Urban Rio, the newest restaurant in downtown Plano, is Nathan and Bonnie Shea‘s baby. For two years, the owners of Urban Crust dreamed and conceived and schemed about opening a Mexican restaurant until, finally, last Monday, it all came together when they opened their doors to the public. The restaurant features a menu of “Next Mex” cuisine and is housed inside the historic Plano Ice House, which was gutted for the Shea family’s Urban empire. On the first floor lies Urban Rio and Nate’s Gelato where guests can get their dessert fix, while the second contains a cantina called On the Rocks with a full bar. The third floor is used as office space. The Rooftop sits at the fourth floor, and the Sheas plan to use the space as a catering service and event center where musicians can play live music.
But I’m getting too far ahead of myself.
Jump for NSFW food photos.
Chef Ryan Olmos used to be the Execuchef at Eatzi’s for six years before he helmed the kitchen at Urban Rio. Now he’s el capitan on 1000 E. 14th Street in Plano, and his menu is what you’d expect from a Tex-Mex.. I mean, Nex-Mex restaurant: quesadillas, tacos, enchiladas, fajitas, the works.

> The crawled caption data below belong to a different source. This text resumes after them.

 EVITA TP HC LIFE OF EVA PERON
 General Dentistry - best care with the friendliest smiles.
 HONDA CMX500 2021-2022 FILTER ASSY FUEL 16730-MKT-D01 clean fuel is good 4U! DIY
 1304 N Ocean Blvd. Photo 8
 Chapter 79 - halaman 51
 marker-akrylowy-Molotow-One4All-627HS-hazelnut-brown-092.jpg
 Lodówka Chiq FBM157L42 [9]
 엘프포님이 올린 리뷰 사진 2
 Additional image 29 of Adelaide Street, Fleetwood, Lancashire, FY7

There are exceptions that make Urban Rio a stand-out restaurant, and one that I’m sure many people will travel to Plano just to visit. For one, all the corn tortillas are made in house. “We take the corn and grind it ourselves [in the molino] and then we make the corn tortillas from that,” Shea explains. And, two, the tamale pie ($10.75), which Nathan Shea describes as a “Mexican pot pie,” isn’t a dish you see all that often. The fresh masa dough, diced chicken, chipotle crema, and Chihuahua cheese is served bubbling hot. It makes you feel as if you’ve just wrapped yourself in a comfy blanket after your first bite.
The grilled chicken rio club quesadillas are reasonably priced at $8.25, and stuffed with marinated chicken breast, refried black beans, caramelized onion, and Monterrey Jack cheese. This is an appetizer that could fill you up quickly because of its size. But this is Texas, and most people are used to eating big portions these days.
Inside Urban Rio is a Rio Grande Valley-inspired interior that gives off a cool, desert-y vibe. The colors are earthy, yet vibrant at the same time. On the Rocks also serves the same food as Urban Rio, but the lights that change under the full bar make it more hip for twenty and thirty-somethings looking for a place to hang out. “The original Plano Ice House was built in 1917 and we incorporated the ice house theme into this part of the bar,” said Shea. He proudly showed us an old ice box he bought to use as decoration.
Shea also told us that there was a two-hour wait the first weekend Urban Rio opened. Pretty crazy. This place is already bound to be a hotspot for those who live in Plano.